Financial analysts and experts predicted mergers and acquisitions among health insurers would pick up this year after a relatively quiet two-year period. Insurance executives also have been upfront about their willingness to pursue deals, but they have been clear any transaction must make strategic sense. Increased scale and volumes are viewed as the sure-fire way to offset pressures.
“By getting larger, they have the ability to fight back on some of these price increases,” said Jeffrey Loo, equity analyst at S&P Capital IQ. “They could also cut out a bunch of administrative costs and grow their margins.”
But the reported negotiations have raised some eyebrows. “We caution investors to be careful about every media report that cites, 'sources close to the situation,' because it is clear that not all of these combinations can occur,” Barclays Capital analyst Josh Raskin wrote in a research note Monday. “It is quite obvious to us these media reports are not catching the whole story, and there are significant pieces of information that need to be confirmed.”
UnitedHealth's play for Aetna comes as it is acquiring Catamaran Corp., a pharmacy benefits manager that will become part of the company's OptumRx division.

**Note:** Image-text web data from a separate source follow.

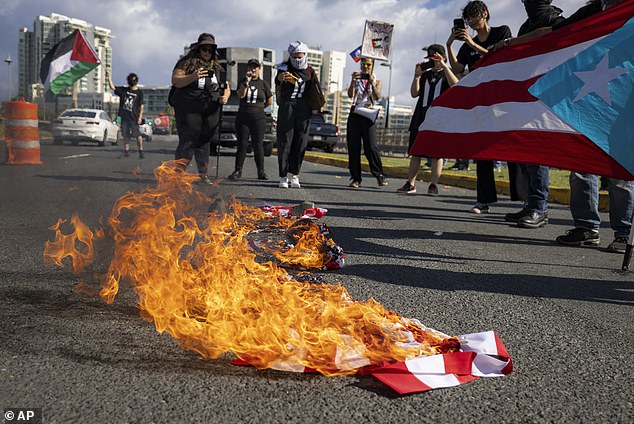 People take pictures of an American flag that was set on fire during a protest against the visit of US Vice President Kamala Harris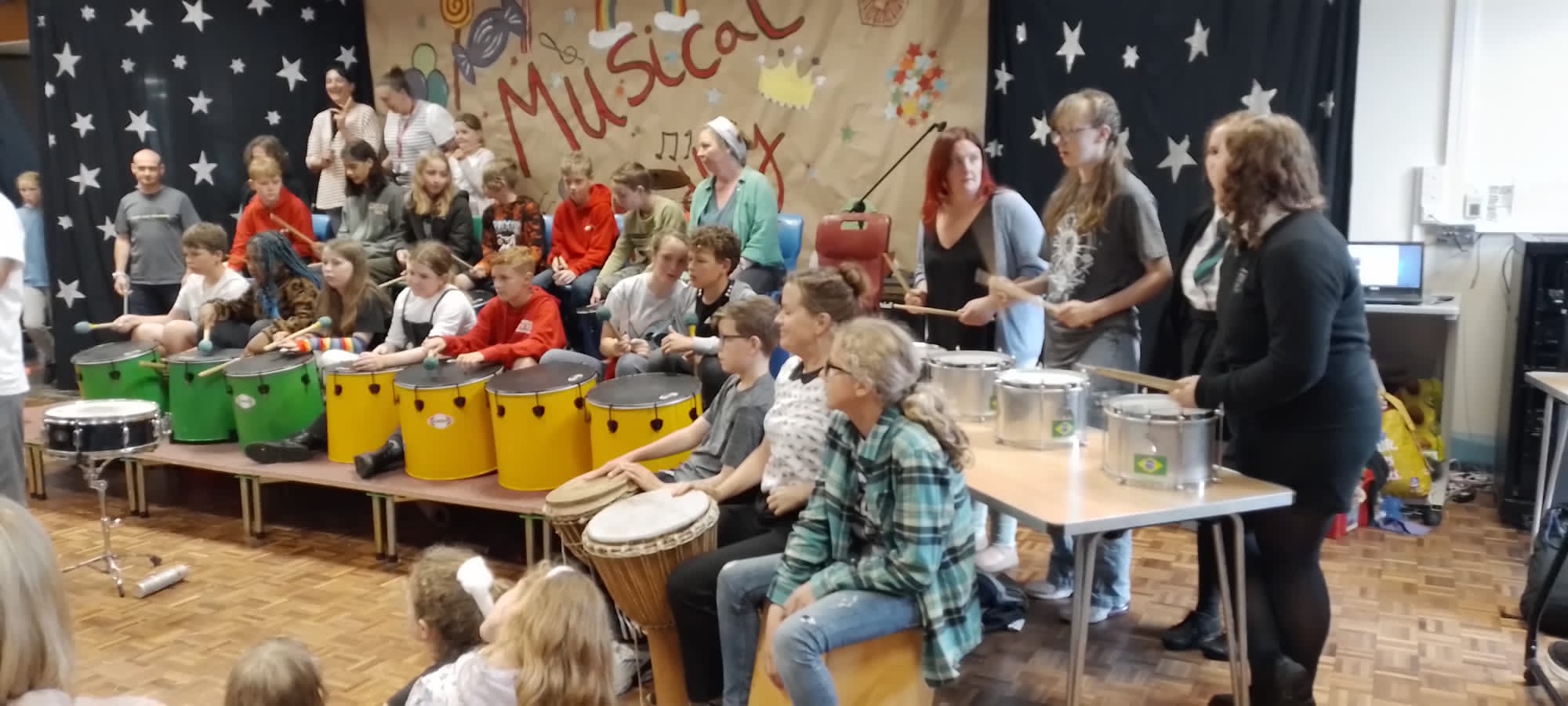 Junior samba band playing drums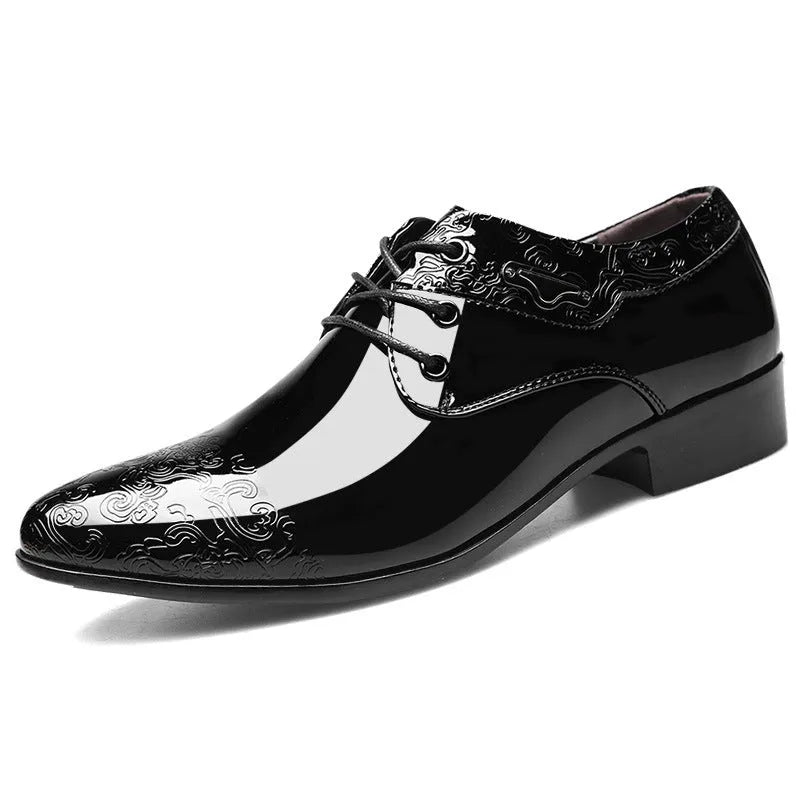Glossy black men's formal shoes with pointed toe, low top, and carved detail on microfiber leather upper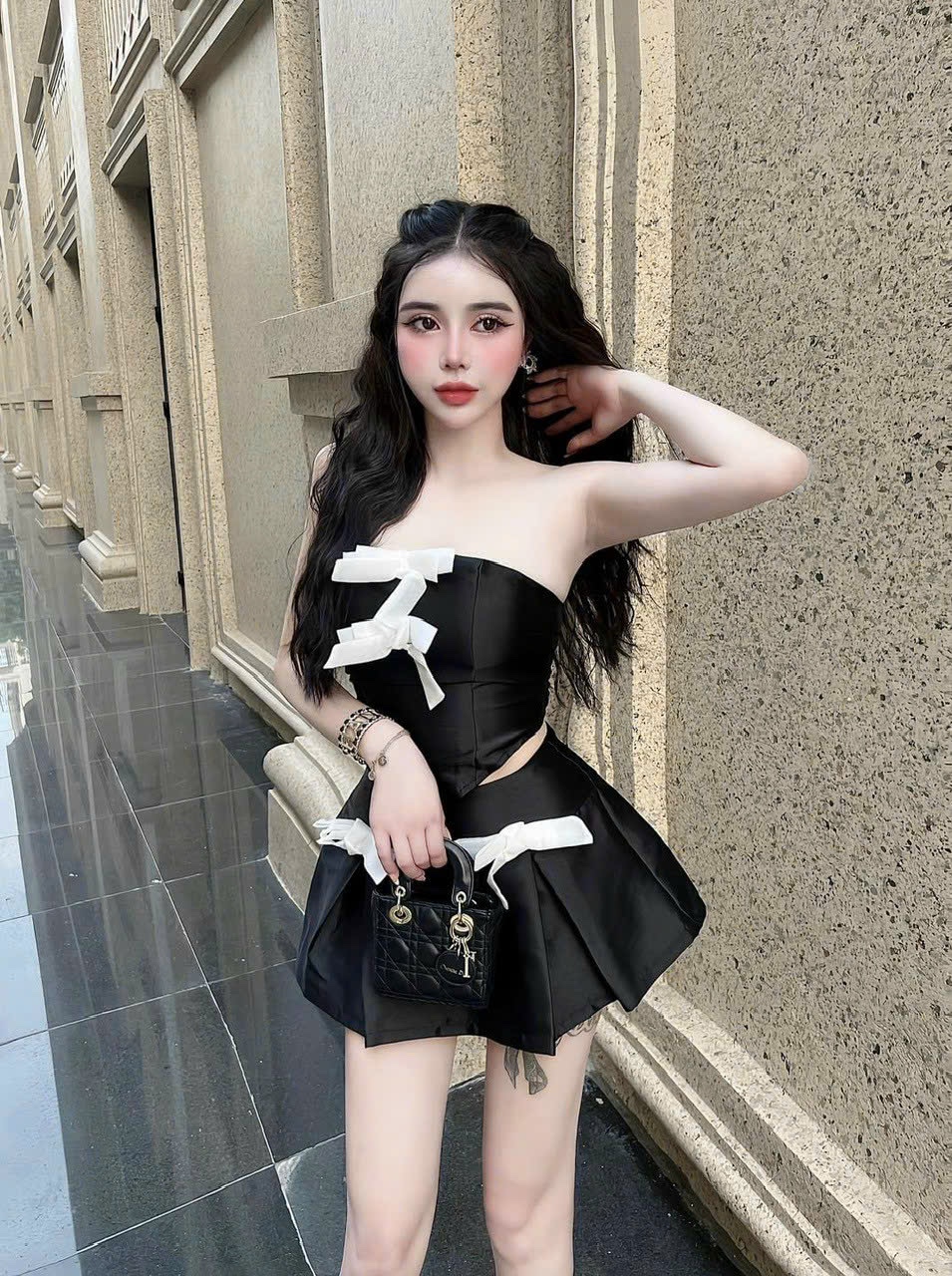 Set áo cúp ngực nhọn đính nơ tapta phối chân váy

UnitedHealth is paying $12.8 billion in cash for Catamaran. Taking over Aetna would require UnitedHealth to shell out roughly $64 billion, using average industry valuation multiples. Purchasing Cigna would take about $50 billion.
Skolnick notes that a UnitedHealth deal can't be imminent because Gail Wilensky, the former CMS administrator under President George H.W. Bush and a UnitedHealth board director, recently filed to sell stock. Selling stock on important nonpublic information would constitute illegal insider trading.
Although a UnitedHealth deal could occur down the road, the company is a market leader with its commercial health plans and Optum, meaning it “doesn't need to do anything,” Skolnick said.
“Clearly, United can generate organic growth, and they have Optum,” she said. “It's not as if they have to have a health plan consolidation in order to continue to grow.”
A UnitedHealth-Aetna deal may also be “highly challenging from an antitrust perspective,” notes Brian Wright, an analyst at Sterne Agee. Both companies have sizable overlap in Medicare Advantage and commercial markets. That could hypothetically lead to mandated divestitures and, therefore, fewer immediate financial gains. Wright estimates a combined company would have a health premium market share of 20% or more in 24 states.
Many industry experts have questioned the basis of a tie-up between Cigna and Anthem, the Blue Cross and Blue Shield insurer. Raskin said Anthem doesn't appear to be a logical buyer of Cigna because it would face licensing and branding issues from the Blue Cross and Blue Shield Association. With Cigna's assets, Anthem would be competing with many other local Blues plans, which may not fly with the association, he said.
Any other combination of Aetna, Anthem, Cigna or Humana would bring about certain advantages and disadvantages, depending on what business segment is desired. For example, an Anthem-Humana transaction has been viewed favorably by some analysts because Anthem has expressed a desire to boost its Medicare Advantage market. It would also gain Humana's in-house pharmacy benefits business, which could provide cost savings. But Anthem would again face Blue Cross branding restrictions.
Beyond federal oversight and other internal stakeholder questions, insurance companies will have to pay large sums of money for their targets. Higher expected interest rates may prompt buyers to borrow while debt is still cheap.
However, given the current debt load of some insurers, stock equity will likely be required for any deal. “The acquirers will take on a lot of debt, but they will use a lot of stock as well,” Loo said.